▶ _Exercise brief_
Every line in the data below from the one containing "Dazzling Red Roses" down to the one containing "Body à manches", both included, must be retyped exactly; no other line is to appear.

▶ _Source data_
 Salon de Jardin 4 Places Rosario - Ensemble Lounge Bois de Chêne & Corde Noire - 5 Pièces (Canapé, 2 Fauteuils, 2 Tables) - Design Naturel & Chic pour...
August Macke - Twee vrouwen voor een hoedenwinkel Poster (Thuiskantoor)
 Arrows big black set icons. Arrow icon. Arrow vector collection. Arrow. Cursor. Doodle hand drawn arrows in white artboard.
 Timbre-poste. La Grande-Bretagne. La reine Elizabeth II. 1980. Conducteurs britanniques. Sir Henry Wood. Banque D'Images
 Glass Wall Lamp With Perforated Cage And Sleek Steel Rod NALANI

...

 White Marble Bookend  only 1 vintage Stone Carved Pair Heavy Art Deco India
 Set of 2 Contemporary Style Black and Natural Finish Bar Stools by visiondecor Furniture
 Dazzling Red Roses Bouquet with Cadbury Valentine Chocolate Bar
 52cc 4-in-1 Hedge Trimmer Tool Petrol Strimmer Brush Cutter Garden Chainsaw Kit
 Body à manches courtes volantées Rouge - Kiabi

▶ _Task output_
 Dazzling Red Roses Bouquet with Cadbury Valentine Chocolate Bar
 52cc 4-in-1 Hedge Trimmer Tool Petrol Strimmer Brush Cutter Garden Chainsaw Kit
 Body à manches courtes volantées Rouge - Kiabi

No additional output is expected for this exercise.